L’impressione generale, a fine giro di giostra, è che questo giovanissimo quartetto della provincia pisana abbia voluto ronzare intorno ai nomi più blasonati della scena alt-rock tricolore dell'ultimo ventennio senza sporcarsi le mani più di tanto. Sì, insomma, Marlene Kuntz, Verdena, Estra e Afterhours presi a nolo per tracciare la strada maestra ma spesso mollati lungo il percorso per far posto a decongestioni acustiche in odor di blues (l’opener “Nociva”) o bluastre sciabolate psichedeliche made in UK (i sentori “paranoidandroidiani” di “Kovo” o quelli lisergico-orientaleggianti di “Scan”).

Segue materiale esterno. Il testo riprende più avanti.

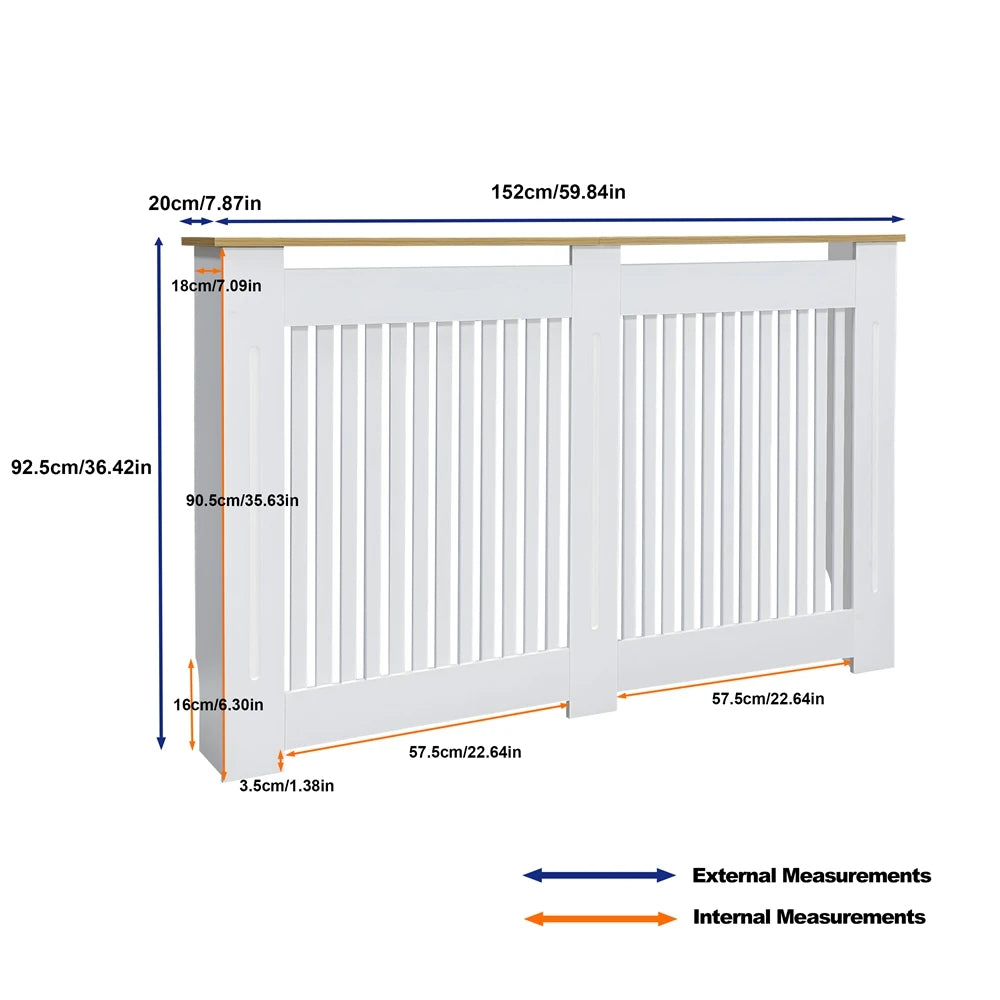 Modern Vertical White Radiator Cover MDF Wall Cabinet Shelf for Home Decoration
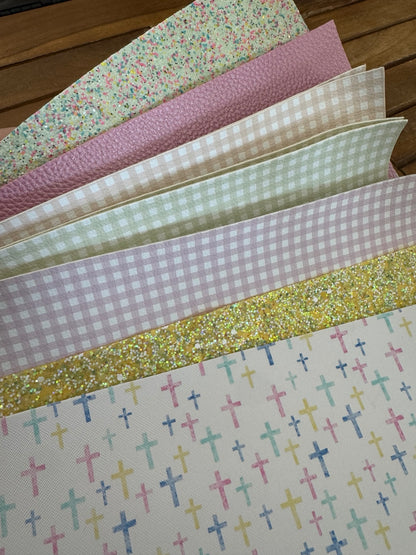 Pastel Blessings faux leather bundle with pastel crosses, gingham, pink texture, yellow glitter and pastel confetti glitter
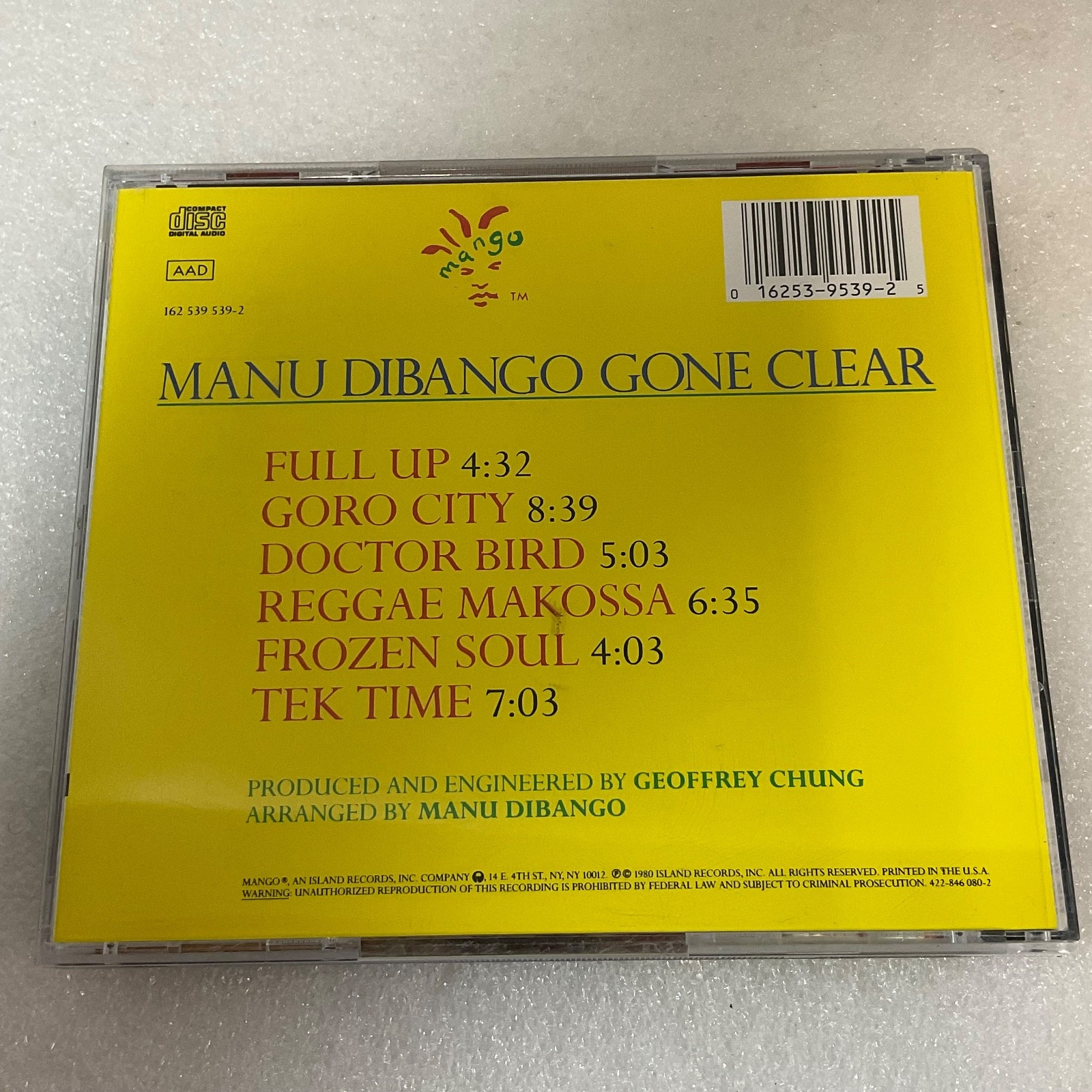 Manu Dibango Gone Clear CD Island Mango Records Jazz Funk - Image 2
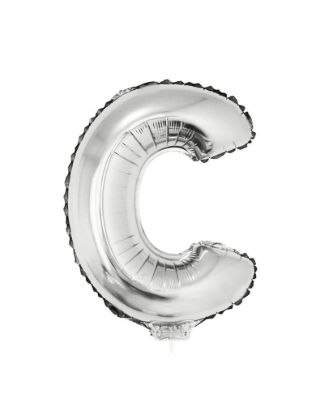 Folieballon letter C zilver 41 cm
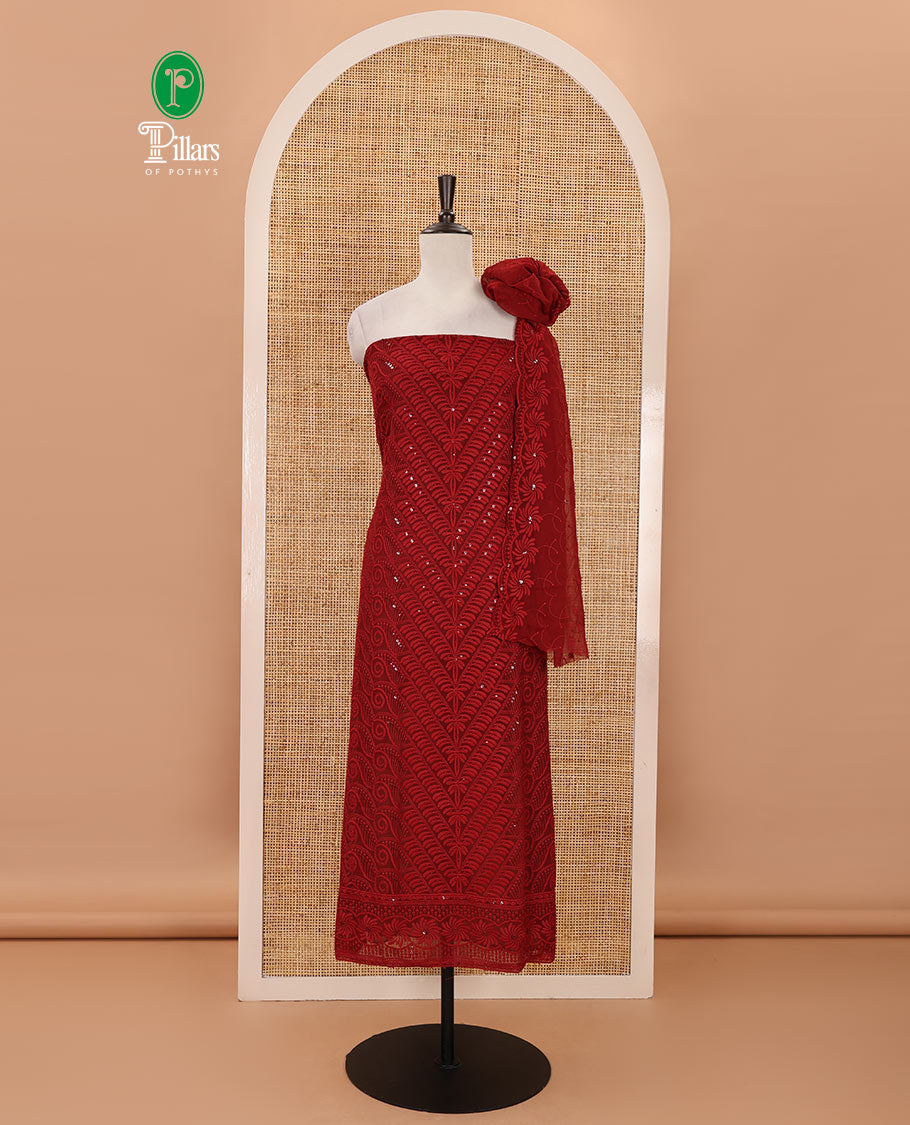 Maroon material chudidar set, intricately schiffli embroidered georgette top & sequins embroidered scallop georgette dupatta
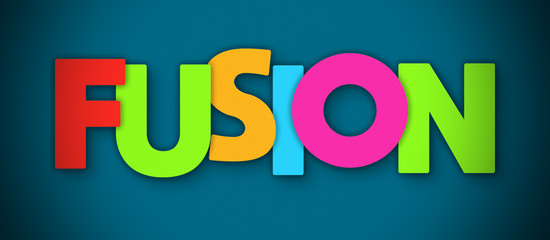 Fusion - overlapping multicolor letters written on blue background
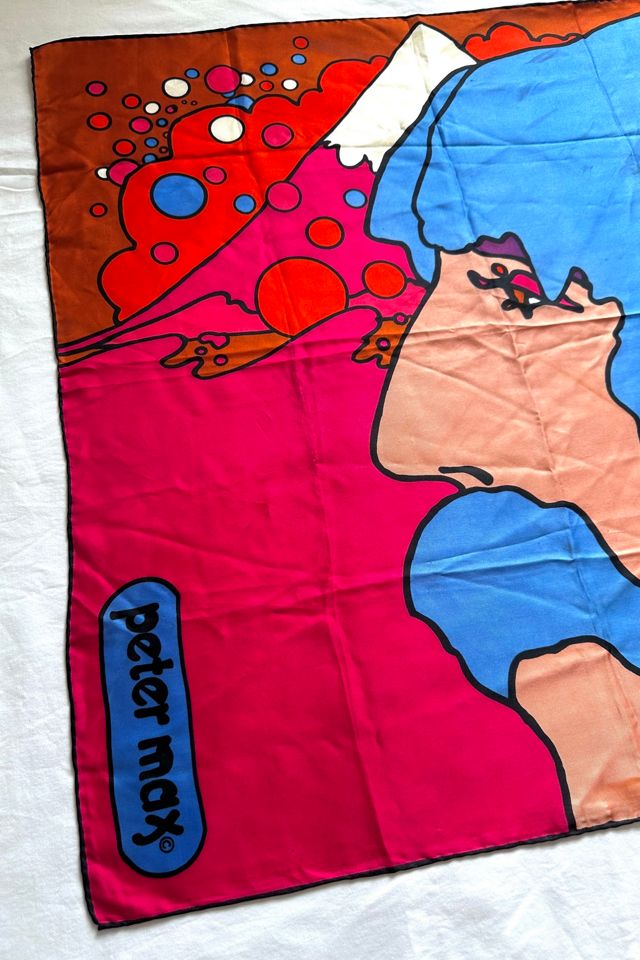 Vintage 1960s Peter Max Self Portrait Silk Scarf Selected by Grievous Angel Vintage #1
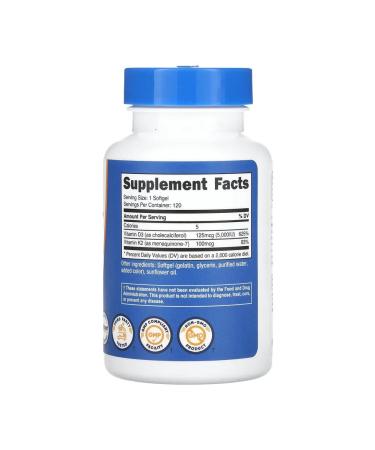 Nutricost Vitamin K2+D3 120 soft tablets - Buy Online on GoSupps.com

Appena tre brani inediti, più la cover turbolenta - niente male - di “Datemi un martello” di Rita Pavone, e uno strumentale in chiusura, per raccontare le insidie della società e le (ormai canoniche) paure generazionali, dosando opportunamente sciovinismo ed esterofilia.
I testi non sono propriamente dei colpi allo stomaco né la voce di Elia Vitarelli riesce a ferire più di tanto ma nell’insieme la persistente cupezza del quadro sonoro salva la baracca e infonde nell’ascoltatore una passeggera sensazione di smarrimento esistenziale.